By Manuel Roig-Franzia Washington Post Foreign Service Wednesday, September 26, 2007; Page A14
SANTIAGO ATITLAN, Guatemala
The shaman looked annoyed. Slivers of light cut through cracks in the thin wooden walls of the house at the end of a slippery mud street, illuminating his glare of disapproval. The kids in the back of the tiny room were giggling, but for the shaman this was a solemn moment. The look he shot them shut them up.
It was 1:15 p.m., time to worship the statue of Maximón,
a squat, roughly carved wooden deity beloved here by those who believe in his power to grant favors and feared for punishing those who do not pay him proper respect. Maximón, pronounced maw-she-MAWN, occupies a space between the polar tugs of Guatemalan spiritual life, Catholicism and evangelism, neither of which approves of him. His origins are a mystery. Some say he is a modern version of a long-forgotten Mayan god. Others say he represents a martyred holy man. Still others merely shrug their shoulders.

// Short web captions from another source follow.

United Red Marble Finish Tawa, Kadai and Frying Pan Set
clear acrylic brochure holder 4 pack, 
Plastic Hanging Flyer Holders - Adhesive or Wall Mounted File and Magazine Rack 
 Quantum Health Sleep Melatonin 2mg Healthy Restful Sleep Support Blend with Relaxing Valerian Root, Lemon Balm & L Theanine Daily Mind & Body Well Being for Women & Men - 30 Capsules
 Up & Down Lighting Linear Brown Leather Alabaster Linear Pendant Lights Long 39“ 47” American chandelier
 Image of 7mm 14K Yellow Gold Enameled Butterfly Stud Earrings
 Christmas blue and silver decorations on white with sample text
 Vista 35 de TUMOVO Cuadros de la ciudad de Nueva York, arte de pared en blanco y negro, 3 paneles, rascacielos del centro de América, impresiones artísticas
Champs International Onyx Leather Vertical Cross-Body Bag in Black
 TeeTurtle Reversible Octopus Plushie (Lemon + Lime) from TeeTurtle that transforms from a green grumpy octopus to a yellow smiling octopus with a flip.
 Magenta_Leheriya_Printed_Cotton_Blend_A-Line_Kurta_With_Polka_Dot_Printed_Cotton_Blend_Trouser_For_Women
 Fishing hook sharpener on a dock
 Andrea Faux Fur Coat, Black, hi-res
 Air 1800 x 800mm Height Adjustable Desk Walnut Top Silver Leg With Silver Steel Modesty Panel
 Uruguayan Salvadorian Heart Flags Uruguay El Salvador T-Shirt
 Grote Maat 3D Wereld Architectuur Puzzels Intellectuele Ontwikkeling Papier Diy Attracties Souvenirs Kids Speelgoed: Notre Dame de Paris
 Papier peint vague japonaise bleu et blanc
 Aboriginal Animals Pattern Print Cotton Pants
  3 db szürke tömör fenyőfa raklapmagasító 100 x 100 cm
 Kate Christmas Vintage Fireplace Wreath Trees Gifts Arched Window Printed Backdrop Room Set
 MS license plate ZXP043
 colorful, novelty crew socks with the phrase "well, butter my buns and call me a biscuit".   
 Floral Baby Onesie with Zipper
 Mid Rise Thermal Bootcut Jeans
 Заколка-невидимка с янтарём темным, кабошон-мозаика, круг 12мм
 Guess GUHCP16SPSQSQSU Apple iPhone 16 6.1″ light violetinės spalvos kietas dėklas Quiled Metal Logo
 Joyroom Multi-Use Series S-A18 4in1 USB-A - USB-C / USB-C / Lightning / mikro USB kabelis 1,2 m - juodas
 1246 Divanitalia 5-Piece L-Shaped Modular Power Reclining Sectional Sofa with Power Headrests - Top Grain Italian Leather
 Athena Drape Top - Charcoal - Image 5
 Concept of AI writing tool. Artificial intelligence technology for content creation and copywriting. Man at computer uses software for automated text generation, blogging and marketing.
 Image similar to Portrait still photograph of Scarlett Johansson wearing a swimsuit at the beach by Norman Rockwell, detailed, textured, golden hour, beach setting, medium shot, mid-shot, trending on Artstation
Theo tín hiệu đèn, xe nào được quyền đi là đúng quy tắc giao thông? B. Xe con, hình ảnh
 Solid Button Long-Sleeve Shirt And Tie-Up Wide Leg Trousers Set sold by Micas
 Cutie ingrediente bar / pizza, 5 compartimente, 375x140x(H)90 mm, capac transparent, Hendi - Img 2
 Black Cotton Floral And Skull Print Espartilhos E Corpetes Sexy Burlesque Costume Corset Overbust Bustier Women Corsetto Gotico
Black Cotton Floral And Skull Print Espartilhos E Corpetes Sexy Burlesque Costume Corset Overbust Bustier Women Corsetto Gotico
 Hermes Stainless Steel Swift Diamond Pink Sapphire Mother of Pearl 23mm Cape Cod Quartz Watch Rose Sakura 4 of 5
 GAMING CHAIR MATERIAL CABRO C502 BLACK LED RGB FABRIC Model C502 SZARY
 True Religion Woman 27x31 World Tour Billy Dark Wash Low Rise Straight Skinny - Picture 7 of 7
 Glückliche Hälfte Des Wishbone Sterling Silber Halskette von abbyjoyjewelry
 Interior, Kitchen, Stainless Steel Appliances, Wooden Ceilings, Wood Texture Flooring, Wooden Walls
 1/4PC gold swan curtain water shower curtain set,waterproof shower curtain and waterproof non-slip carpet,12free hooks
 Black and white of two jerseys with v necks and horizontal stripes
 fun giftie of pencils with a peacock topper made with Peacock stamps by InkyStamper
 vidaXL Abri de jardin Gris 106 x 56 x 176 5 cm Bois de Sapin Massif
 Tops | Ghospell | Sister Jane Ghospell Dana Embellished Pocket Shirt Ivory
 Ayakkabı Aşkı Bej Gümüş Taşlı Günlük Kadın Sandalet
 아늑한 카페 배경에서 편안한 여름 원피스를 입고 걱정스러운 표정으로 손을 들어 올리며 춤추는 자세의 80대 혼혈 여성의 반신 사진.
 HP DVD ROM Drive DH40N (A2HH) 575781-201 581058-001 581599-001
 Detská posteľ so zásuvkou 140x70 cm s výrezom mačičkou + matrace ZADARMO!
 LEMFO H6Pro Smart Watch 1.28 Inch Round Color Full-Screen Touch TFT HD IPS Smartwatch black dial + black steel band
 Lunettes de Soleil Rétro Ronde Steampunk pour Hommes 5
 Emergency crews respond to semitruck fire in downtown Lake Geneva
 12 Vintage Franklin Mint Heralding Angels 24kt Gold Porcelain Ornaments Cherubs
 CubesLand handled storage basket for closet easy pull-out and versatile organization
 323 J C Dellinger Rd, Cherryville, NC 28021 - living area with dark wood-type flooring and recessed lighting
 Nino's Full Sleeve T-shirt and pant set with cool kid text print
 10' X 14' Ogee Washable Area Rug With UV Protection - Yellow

Great gusts of smoke rose out of the metal bucket the shaman filled with burning incense. The bucket swung back and forth, and the shaman began to pray in the Mayan Tzutujil dialect. Strands of Christmas tree lights, slung over a separate, glass-encased statue, twinkled. A pinwheel of flashing lights spun round and round. Incongruously, the notes of “Rudolph the Red-Nosed Reindeer” slipped tinnily out of a palm-size speaker dangling from the wall.
Ten minutes into the ceremony, at 1:25 p.m., Marcelino Mura reached for the hand of his wife, Maria, and they shifted their weight on bent knees. The Muras once lived humbly but say they have prospered in the eight years since they began making an annual pilgrimage to pay tribute to Maximón in this village propped on a steep hill overlooking Lake Atitlan.
“I used to work in the fields; there was no shade. It was so hard,” Marcelino Mura whispered to one of the visitors crammed into a space fast filling with cough-inducing smoke. “Now I have my own restaurant. Thanks to Maximón.”
Francisco Miranda, a member of the cofradia, an informal religious group that cares for Maximón, jumped to his feet. Miranda has a place of honor in the room. Maximón has resided in this private home since the Christian Holy Week. The statue will stay there until next Holy Week, when it will move to another private home, where the owners will enjoy the offerings of rum, cigarettes, money and clothing, right along with the statue.
Miranda had spotted something amiss. The cigarette in Maximón’s mouth was almost burned through and a droopy tube of ash looked as if it was at its breaking point. Miranda tapped the ash into a tray and fished another cigarette out of his pocket. He replaced the old cigarette and lit the new one.
“I pray for this man’s business,” the shaman intoned.
A spigot gushed in an adjoining room at 1:40 p.m. Miranda glanced back, catching a glimpse of a man ripping off his shirt and washing his underarms beneath the stream of water. Maximón may be getting his tribute in one room, but life goes on in the rest of the house.
Three barefoot children with dirt-smudged faces and stained clothes sucked on candies outside the doorway. The street children of Santiago Atitlan have become Maximón’s ushers over the years, leading Guatemalans and tourists to him. No sign announces Maximón’s home, but his supposedly secret location really isn’t much of a secret. Everyone here knows where he resides.
By 2 p.m., Miranda had determined that Maximón was thirsty. He dug under a table and pulled out a bottle of rum. He carefully removed the burning cigarette — Maximón’s fourth in 45 minutes — and tipped the bottle. Rum splashed off the wooden lips, cascading over the 10 quetzal notes clipped to Maximón’s scarf and into a kerchief Miranda held beneath Maximón’s chin.
Miranda reached forward to take a wad of bills from Mura, scooting aside three pairs of fancy leather shoes that Mura had brought as an offering after noticing the day before that Maximón was shoeless.
Smoke thickened, blanketing the dried plants suspended from the ceiling. The shaman, barely visible in the fog of burning incense, kept up the pendulum motion of his incense bucket.
“I pray for this man’s and this woman’s health,” he said.
Ten minutes later, at 2:15 p.m., Miranda once again sought to slake Maximóns prodigious thirst. He gestured to a boy who had just wandered into the room. The boy clenched his teeth and struggled to untwist the cap on a flask-size bottle of rum. Defeated, he handed the bottle to Miranda.
Miranda strained but couldn’t get it open either, passing it off to an older man who had been watching with an air of detached amusement.
The man swiftly unloosed the cap. Miranda stepped over five empties on the floor and in seconds rum was splashing over Maximón’s lips again.